TCHAIKOVSKY Symphony No 5 PROKOFIEV Symphony No 1 (A Jansons)

Record and Artist Details

Genre:

Orchestral

Label: ICA Classics

Media Format: CD or Download

Media Runtime: 103

Mastering:

DDD

Catalogue Number: ICAC5177

ICAC5177. TCHAIKOVSKY Symphony No 5 PROKOFIEV Symphony No 1 (Jansons)

Tracks:

Composition Artist Credit
Symphony No. 1, 'Classical' Sergey Prokofiev, Composer
Arvid Jansons, Conductor
USSR Symphony Orchestra
Francesca da Rimini Pyotr Ilyich Tchaikovsky, Composer
Arvid Jansons, Conductor
Leningrad Philharmonic Orchestra
(The) Sleeping Beauty, Movement: Excerpts Pyotr Ilyich Tchaikovsky, Composer
Arvid Jansons, Conductor
Leningrad Philharmonic Orchestra
Symphony No. 5 Pyotr Ilyich Tchaikovsky, Composer
Arvid Jansons, Conductor
Leningrad Philharmonic Orchestra

Back in September 1971 I attended a concert at London’s Royal Festival Hall by what was then the Leningrad Philharmonic under Arvīds Jansons (Mariss’s father).
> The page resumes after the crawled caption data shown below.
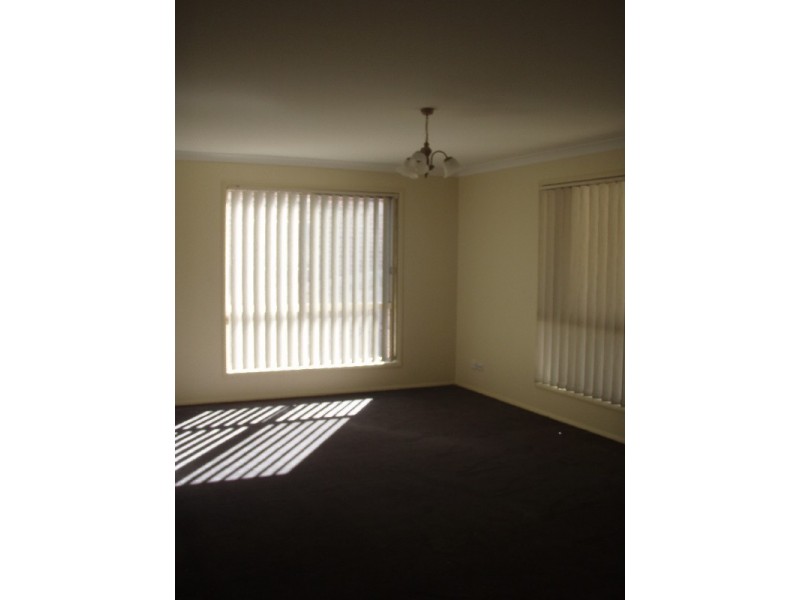 Banksia Beach QLD 4507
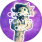 OriginalPlayerOne's avatar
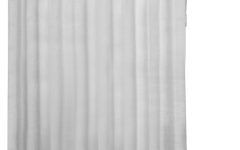 25 Best Collection of Patio Grommet Top Single Curtain Panels
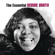 St. Louis Blues - Bessie Smith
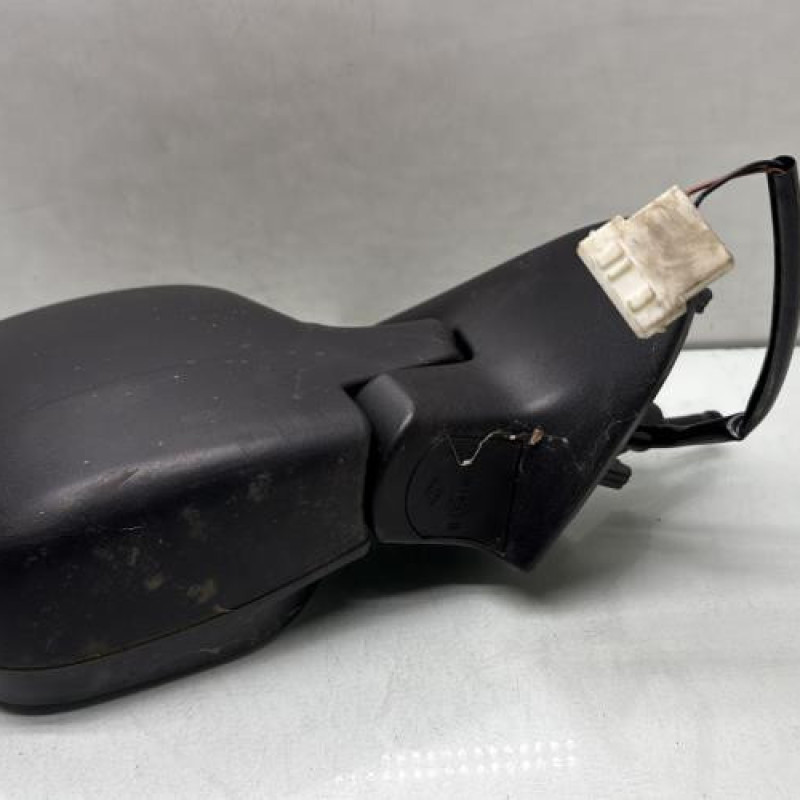 Retroviseur droit CITROEN BERLINGO 1 Photo n°5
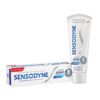 SENSODYNE Repair & protect whitening zubná pasta pre opravu citlivých zubov 75 ml SENSODYNE www.bohre.sk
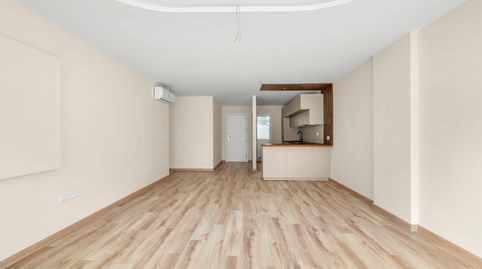 Foto 5 von Wohnung zum Verkauf in Zona Pueblo, Calpe / Calp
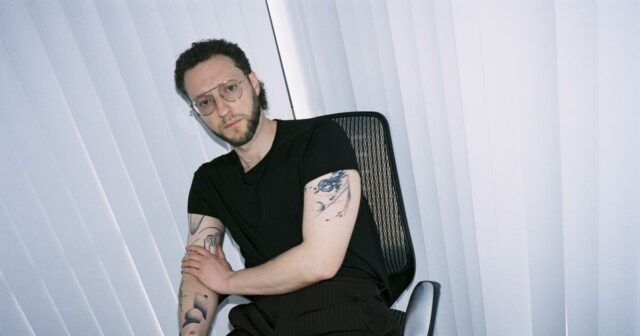 Por que eles refizeram 'Faces of Death'? E por que Por que eles refizeram 'Faces of Death'? E por que é tão bom?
On the programme was an account of Tchaikovsky’s Fifth Symphony that thrilled me to the core, what with its sleek lines and dynamic attack, qualities that seemed to mirror the various Fifths that the orchestra’s principal conductor for near-on 50 years, Yevgeny Mravinsky, habitually brought to the score.
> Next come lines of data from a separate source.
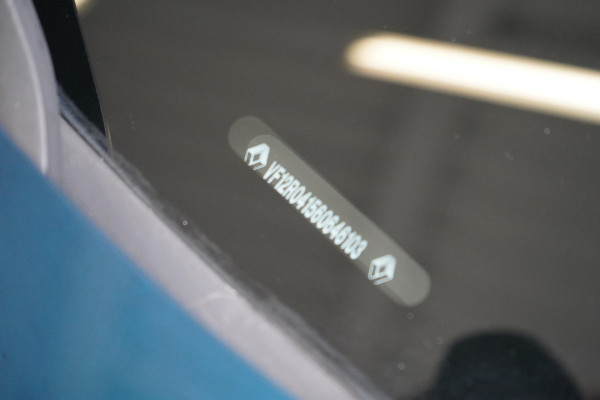 Renault Captur 0.9 TCe Edition One | Trekhaak | Leder | Blind-Spot | Stoelverwarming | Lm velgen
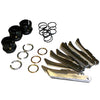 Grim Reaper Rebuild Kit Crossbow 2 in./Fatal Steel 100/125 gr. - Grim Reaper - View 1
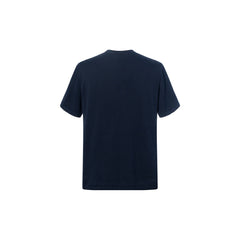 LV Kaos Oversize Original - Kualitas Terbaik, Unisex, COD'-L-16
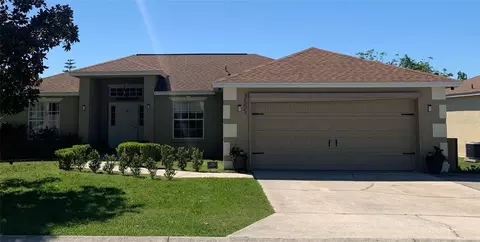 Undisclosed, Lakeland, FL 33810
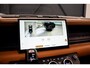 Land Rover Defender 110 2.0 P400e 110 X-Dynamic HSE *Meridian / Panorama / Stoelventilatie / Luchtvering / Head-Up Display /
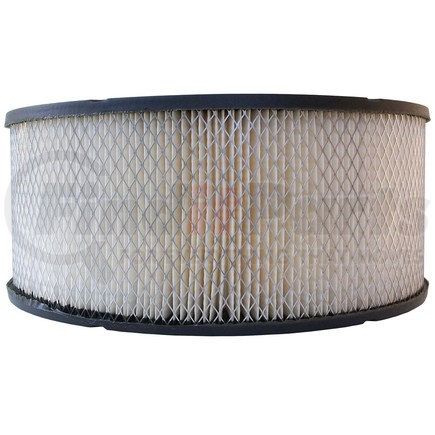A753CF by ACDELCO - Durapack Air Filter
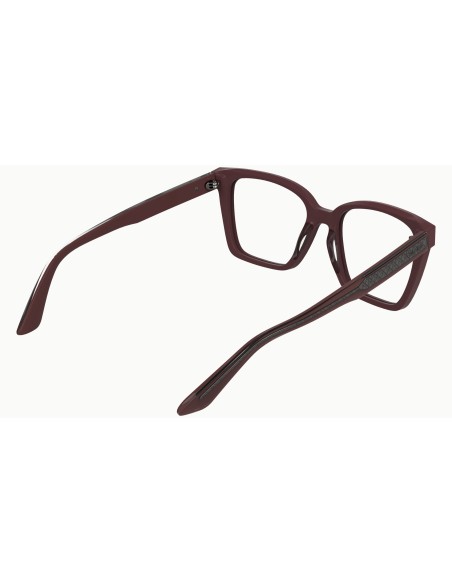 Calvin Klein - CK26512 - 605 - 52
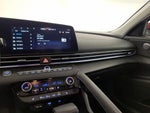 2025 Elantra Thumbnail 16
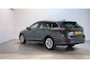 Skoda Octavia Combi 1.0 TSI 110pk Business Edition Plus Navigatie Parkeersensoren Sfeerverlichting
For this admirably transferred release (Paul Baily’s excellent work) the performance was much as I remembered it, which is why an interesting comment in Jean-Charles Hoffelé’s excellent note rather took me aback. ‘It could be said that it sounds like the polar opposite to the imperious style that … Mravinsky habitually deployed in this work’, he writes. Granted that he acknowledges the finale’s ‘blazing presto’ … but ‘especially coming after the expansiveness and profundity of the three preceding movements’? That’s certainly not how I heard things in 1971, so out of interest I checked Jansons against Mravinsky/Leningrad PO recordings of the Fifth from 1948, 1960 and 1983. The 1960 (DG) version – the one I was familiar with at the time – provides the best point of comparison. Granted Mravinsky’s account of the second movement clocks up 11'53" as compared with Jansons’s marginally broader 12'38", but as for the first, third and fourth movements we have Mravinsky’s arrival times of 14'33", 5'31" and 11'03" to compare with Jansons at 14'32", 5'36" and 11'18". To these ears, then as now, Jansons was in essence a loyal ambassador for Mravinsky’s interpretation and the Leningraders followed him every step of the way.

Francesca da Rimini again recalls Mravinsky, details such as the whispering strings at full pelt and drawing back ever so slightly for the p marcato bassoon at 3'42". Here we’re transported to the Royal Albert Hall in the same month for another remarkably gripping performance.

Mravinsky also recorded selections from the Sleeping Beauty ballet in the late 1940s/early 1950s (11 numbers in all – now on Profil, 11/17) and here I would say that although there are similarities between the two, Jansons has the more refined ensemble at his disposal. Mravinsky had yet to achieve the levels of polish and finesse that would distinguish his Leningrad PO productions from around 10 years later. This most recommendable set is rounded off with a mostly genial 1983 Ulster Hall performance of Prokofiev’s Classical Symphony with the USSR Symphony Orchestra (the finale is terrific), recorded almost exactly a year before Jansons’s death from heart failure.